I have found myself wishing my best friend's dad, Larry, was my dad too many times. John was so much closer to his dad than I was with my dad. My dad calls his parenting tough but fair. I call it drunk and detached.

Dad wasn't really a dad or a friend, and Larry just knew how to walk the line between father and best friend. It seemed even when he scolded you, you knew he was right and couldn't really get mad at him.

* * *

Late one Saturday night, John and I were in his room smoking some new kind of weed he just got from his dude. John's parents were out, with his mom at his sister's apartment having a lady's night and Larry out with his friends at the bar.

John handed the joint back to me and, with a raspy voice, asked me if I had heard the new Chili Pepper CD.

"No." Before I could continue my answer, my lungs burned and I coughed so hard I almost expected to see a hairball come flying out of my mouth. "Fuck! This shit is fucking harsh!"

"I know, and it cost too. Eighty fucking dollars. I really need to find a better dealer. Jim is fucking me over." He passed the joint back to me as he moved to stand up. "You want anything to drink?"

"Do you have any Pepsi?" The words came out fast as I tried to hold the smoke for as long as I could.

"Just diet. And diet Dew," he said as he put the joint in his mouth and took a hit while he gathered some dishes together.

"No thanks, I'm not in the mood for diet urine." John flashed that classic 'Fuck you' smile as he handed me the joint, grabbed the dishes and headed downstairs. I stood up, finding it harder than it should have been.

"Either this shit is really good, or I am just getting too old." I used the end of the bed to push myself off the floor. I turned around ready to take any lame joke John was going to make at my expense, but John wasn't standing in the doorway alone. Larry was with him.

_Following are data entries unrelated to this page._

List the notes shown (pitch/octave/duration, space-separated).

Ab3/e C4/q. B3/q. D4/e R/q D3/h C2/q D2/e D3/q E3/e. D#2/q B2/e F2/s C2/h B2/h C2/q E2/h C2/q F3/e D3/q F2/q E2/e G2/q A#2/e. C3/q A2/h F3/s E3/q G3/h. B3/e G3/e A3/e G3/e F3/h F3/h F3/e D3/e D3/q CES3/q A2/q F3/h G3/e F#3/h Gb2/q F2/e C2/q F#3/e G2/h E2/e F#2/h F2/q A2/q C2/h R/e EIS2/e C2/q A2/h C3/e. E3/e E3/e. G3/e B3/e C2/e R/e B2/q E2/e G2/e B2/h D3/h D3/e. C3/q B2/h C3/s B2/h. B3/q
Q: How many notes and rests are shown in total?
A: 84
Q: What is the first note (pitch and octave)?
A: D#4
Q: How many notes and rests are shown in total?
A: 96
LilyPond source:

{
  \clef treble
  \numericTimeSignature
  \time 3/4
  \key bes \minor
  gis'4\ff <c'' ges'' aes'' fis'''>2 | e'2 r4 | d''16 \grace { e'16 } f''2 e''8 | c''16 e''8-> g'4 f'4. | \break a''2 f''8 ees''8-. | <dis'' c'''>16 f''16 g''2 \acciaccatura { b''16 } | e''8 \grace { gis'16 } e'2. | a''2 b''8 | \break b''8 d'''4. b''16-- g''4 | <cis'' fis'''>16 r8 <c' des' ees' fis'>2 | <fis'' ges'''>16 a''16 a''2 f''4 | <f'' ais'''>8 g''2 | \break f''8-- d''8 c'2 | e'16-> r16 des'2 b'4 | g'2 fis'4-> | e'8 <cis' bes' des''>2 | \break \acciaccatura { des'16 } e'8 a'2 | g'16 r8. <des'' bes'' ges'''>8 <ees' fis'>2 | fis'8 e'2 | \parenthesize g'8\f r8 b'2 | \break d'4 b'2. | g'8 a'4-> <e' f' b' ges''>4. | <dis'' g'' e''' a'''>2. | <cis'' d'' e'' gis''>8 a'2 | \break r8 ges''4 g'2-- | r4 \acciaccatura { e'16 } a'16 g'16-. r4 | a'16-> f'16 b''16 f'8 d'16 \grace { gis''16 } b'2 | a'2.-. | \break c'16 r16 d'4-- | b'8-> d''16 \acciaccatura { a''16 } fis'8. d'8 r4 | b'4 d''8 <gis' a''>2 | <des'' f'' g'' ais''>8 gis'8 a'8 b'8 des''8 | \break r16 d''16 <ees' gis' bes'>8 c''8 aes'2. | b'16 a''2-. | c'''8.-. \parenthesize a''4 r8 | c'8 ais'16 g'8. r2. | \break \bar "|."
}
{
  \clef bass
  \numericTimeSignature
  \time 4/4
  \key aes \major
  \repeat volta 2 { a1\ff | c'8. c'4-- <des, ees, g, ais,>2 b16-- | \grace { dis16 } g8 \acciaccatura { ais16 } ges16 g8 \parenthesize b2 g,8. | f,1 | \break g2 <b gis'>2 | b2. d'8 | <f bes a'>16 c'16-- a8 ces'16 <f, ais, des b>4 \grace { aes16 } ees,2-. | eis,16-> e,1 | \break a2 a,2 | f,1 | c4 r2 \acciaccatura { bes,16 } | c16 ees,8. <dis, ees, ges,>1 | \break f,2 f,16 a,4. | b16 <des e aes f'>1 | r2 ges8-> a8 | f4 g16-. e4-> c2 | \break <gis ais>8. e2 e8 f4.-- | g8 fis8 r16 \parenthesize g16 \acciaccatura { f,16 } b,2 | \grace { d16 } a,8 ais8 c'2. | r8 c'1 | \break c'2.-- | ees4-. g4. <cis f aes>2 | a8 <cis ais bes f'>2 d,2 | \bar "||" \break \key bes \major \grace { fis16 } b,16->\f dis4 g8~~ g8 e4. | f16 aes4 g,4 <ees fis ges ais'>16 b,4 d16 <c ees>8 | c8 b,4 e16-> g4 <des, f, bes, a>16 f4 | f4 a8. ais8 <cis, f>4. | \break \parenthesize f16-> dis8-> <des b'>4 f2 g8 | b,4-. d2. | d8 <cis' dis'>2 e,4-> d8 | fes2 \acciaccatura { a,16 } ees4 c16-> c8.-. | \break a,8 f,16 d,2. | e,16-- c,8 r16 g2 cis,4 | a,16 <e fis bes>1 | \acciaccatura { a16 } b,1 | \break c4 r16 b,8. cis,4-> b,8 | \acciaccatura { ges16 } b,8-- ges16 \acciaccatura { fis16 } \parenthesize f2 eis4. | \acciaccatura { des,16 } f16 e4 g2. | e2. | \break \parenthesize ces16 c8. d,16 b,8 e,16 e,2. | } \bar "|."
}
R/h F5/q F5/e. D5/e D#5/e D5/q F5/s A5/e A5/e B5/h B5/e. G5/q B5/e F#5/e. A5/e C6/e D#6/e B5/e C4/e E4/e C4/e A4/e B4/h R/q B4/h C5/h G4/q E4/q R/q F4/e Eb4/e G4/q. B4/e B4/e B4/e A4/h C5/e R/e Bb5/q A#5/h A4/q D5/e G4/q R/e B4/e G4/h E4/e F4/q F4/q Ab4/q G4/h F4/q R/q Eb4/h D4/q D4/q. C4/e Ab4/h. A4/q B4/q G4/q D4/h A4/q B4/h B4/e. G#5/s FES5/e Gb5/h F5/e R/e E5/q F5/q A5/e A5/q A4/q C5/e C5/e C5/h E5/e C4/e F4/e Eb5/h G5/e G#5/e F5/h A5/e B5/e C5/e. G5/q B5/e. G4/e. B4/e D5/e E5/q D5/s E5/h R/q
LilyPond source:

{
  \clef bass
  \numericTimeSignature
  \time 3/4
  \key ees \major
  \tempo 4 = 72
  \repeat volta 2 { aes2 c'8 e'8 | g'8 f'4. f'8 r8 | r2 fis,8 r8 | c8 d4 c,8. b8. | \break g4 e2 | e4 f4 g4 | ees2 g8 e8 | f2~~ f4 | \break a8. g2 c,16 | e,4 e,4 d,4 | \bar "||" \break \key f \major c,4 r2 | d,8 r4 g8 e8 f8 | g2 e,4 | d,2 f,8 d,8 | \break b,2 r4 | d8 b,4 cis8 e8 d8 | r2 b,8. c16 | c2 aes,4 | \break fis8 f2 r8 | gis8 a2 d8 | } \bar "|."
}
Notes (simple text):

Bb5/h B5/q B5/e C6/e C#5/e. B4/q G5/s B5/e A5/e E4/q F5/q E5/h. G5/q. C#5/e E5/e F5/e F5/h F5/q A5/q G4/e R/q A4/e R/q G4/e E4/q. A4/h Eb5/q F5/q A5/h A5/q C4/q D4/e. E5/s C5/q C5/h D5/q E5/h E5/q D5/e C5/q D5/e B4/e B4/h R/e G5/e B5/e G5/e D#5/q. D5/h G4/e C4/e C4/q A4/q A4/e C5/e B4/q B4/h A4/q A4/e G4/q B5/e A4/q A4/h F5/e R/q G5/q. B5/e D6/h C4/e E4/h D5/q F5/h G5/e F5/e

I really thought we were both fucked. John's mom hated drugs. All we did was smoke weed and we had talked about trying mushrooms, but it wouldn't have mattered to her if we were snorting coke or shooting up heroin; it was all bad in her book.

But Larry was cool. As cool as any father could have been. After about fifteen minutes of the 'danger's of drugs' speech, which I think May made Larry memorize before they had kids, he asked us if we understood.

Both John and I were only able to muster a simultaneous "Yes sir."

"Good, now I don't want to ever catch you smoking in this house again. You know how you mother feels about it." He reached into his back pocket and pulled out his wallet. "And you better not be wasting all your money on this shit." He pulled out a twenty and gave it to John. "Now go by some air fresheners or something, this place reeks. The weed in my day didn't smell anything like this shit."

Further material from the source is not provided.